Future Security: 5th Security Research Conference, Fraunhofer Verlag, 2010.
Future Security: 5th Security Research Conference, Berlin, September 7 - 9, 2010
Modern surveillance systems collect a massive amount of data. In contrast to conventional systems that store raw sensor material, modern systems take advantage of smart sensors and improvements in image processing. They extract relevant information about the observed objects of interest, which is then stored and processed during the surveillance process. Such high-level information is, e.g., used for situation analysis and can be processed in different surveillance tasks. Modern systems have become powerful, can potentially collect all kind of user information and make it available to any surveillance task. Hence, direct access to the collected high-level data must be prevented. Each surveillance task should only access information that is required to fulfil its specified objective. Multiple approaches for anonymization exist, but they do not consider the special requirements of surveillance tasks. Furthermore surveillance systems can be used for varying reasons, e.g., thievery protection or location-based services for social networks.

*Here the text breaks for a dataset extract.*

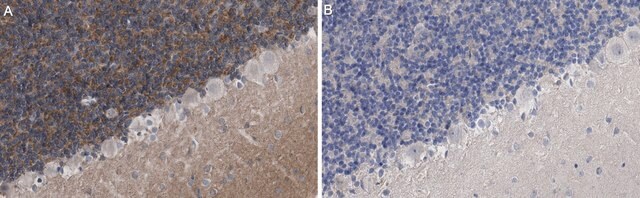 Anti-KCNT1 Antibody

Hence, the specification of sensitive data is strongly connected to the objective of a surveillance task. This work identifies different classes of surveillance tasks and the according sensitive data. Based on these classes existing approaches for anonymization are examined and it is shown to what extent they can be used. Afterwards the existing approaches are extended to fulfil the requirements of the specific classes of surveillance tasks. Anonymization strategies cannot be seen isolated. They must interact with an identity management system, which handles all objects that should be anonymized, and with other components of the surveillance systems. Thus a framework is presented that enforces the anonymization strategies and realizes privacy-aware access to personal data related to the objects.